Ю. Н. Смирнов (Самара)
Превращение Заволжья во внутреннюю губернию Российской империи и изменения в этническом составе населения (XVIII — первая половина XIX в.)
Лесостепное и степное Заволжье занимает обширную территорию, которая в середине XIX в. оформилась как цельное образование и составила Самарскую губернию, хотя полного совпадения географических и административных границ, конечно, не было. Впрочем, Заволжье и выделяется не столько в географическом, сколько в историческом отношении. Волга для данного региона — не просто наиболее однозначно определенная граница, а естественный рубеж, долгое время защищавший от кочевых набегов. Оседлые жители пришли в этот край, исключая редкие поселения по самому берегу великой реки, не только позже, чем на волжское правобережье, но даже позднее, чем на территории, окружающие Заволжье с севера и востока: Закамье, Башкирию и Приуралье. С юга Заволжье очерчено природно-климатической зоной, за пределами которой не велось традиционное для России хлебопашество и начинались промысловая Нижняя Волга и сухая прикаспийская степь, переходящая в полупустыню. Историографический и источниковедческий обзоры заселения и освоения Заволжья отражены в публикациях '. Это позволяет на них здесь не останавливаться, а перейти к изложению основных наблюдений по заявленной теме.
Проблема освоения заволжских земель приобрела важное значение в политике Российской империи, начиная с 1730-х гг. Взгляды на значение и перспективы развития лесостепного и степного Заволжья менялись во времени и были далеко не однозначны у различных государственных деятелей. В стратегическом замысле И. К. Кирилова 1734 г., воплощенном в организации Оренбургской экспедиции и нацеленном на продвижение в Казахстан, Среднюю Азию и Индию, Заволжью уделялось недостаточно внимания. Недооценка заволжского направления привела к ряду серьезных неудач и потерь, а потому была признана впоследствии ошибкой, которую частично исправило устройство Самарской пограничной линии и Московской дороги вдоль нее в 1736 г.

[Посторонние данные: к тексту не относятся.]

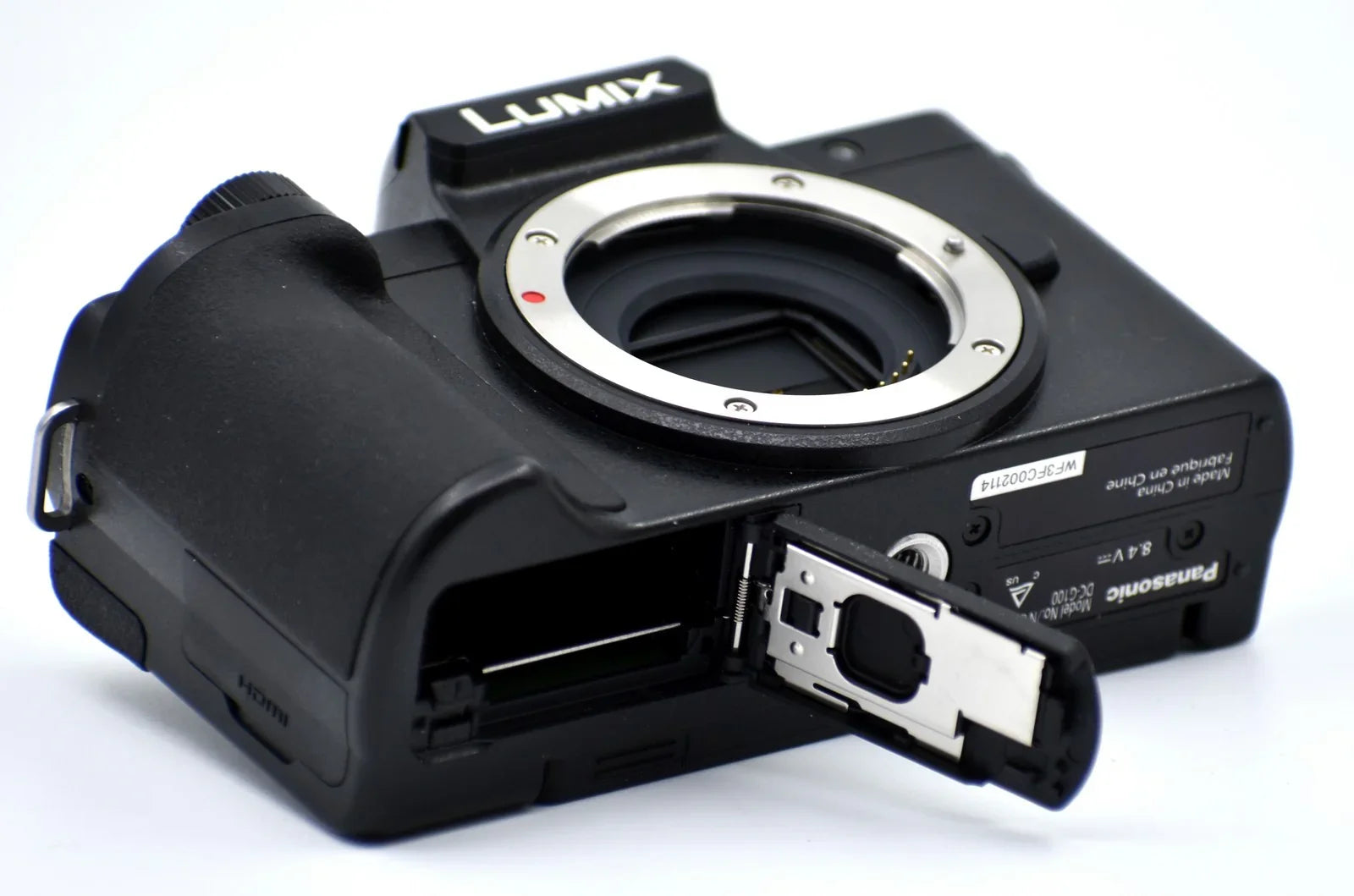 * OPEN BOX EXCELLENT * Panasonic Lumix DC-G100 Mirrorless Digital Camera with 12-32mm Lens at PROCAM | procam.com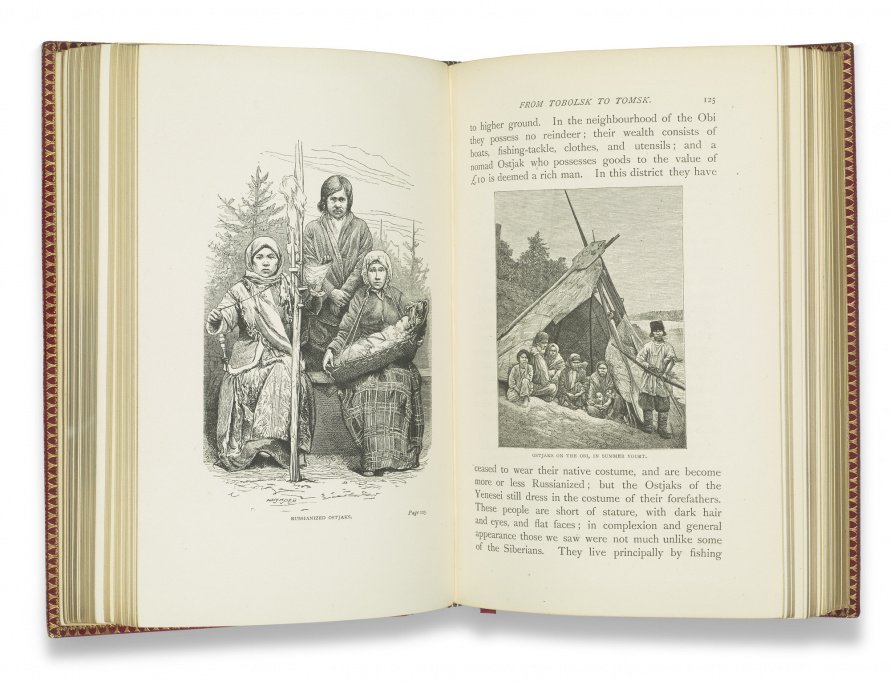 «Через Сибирь». Предисловие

В. Н. Татищев, начальник Оренбургской экспедиции (комиссии) в 1737-1739 гг., отодвигал на будущее основные внешнеполитические цели плана Кирилова и довольно обстоятельно старался закрепиться и обосноваться в Самарском Заволжье. Так же в основном
действовал и сменивший его В. А. Урусов (1739-1741). Оживление работы комиссии происходит при И. И. Неплюеве, что сопровождается решительным и даже несколько демонстративным переездом из Самары в Оренбург в 1743 г. Вместе с тем Неплюев удачно сочетал сильные стороны как кириловского стратегического плана, так и взвешенной тактики администрации Татищева и Урусова. До своей отставки в 1758 г. он, а затем другие руководители Оренбургской губернии, образованной в 1744 г., не упускали из внимания обширные заволжские территории, находившиеся в ее составе: Ставропольскую провинцию, Самарскую дистанцию крепостей, Бугуль-минское ведомство. В военном отношении оренбургским властям подчинялись даже состоявшие в Казанской губернии город Самара и пригород Алексеевск. Однако военные пограничные дела во всех административных единицах Заволжья все больше уступали со временем свое первоначальное ведущее значение вопросам заселения и хозяйственного освоения.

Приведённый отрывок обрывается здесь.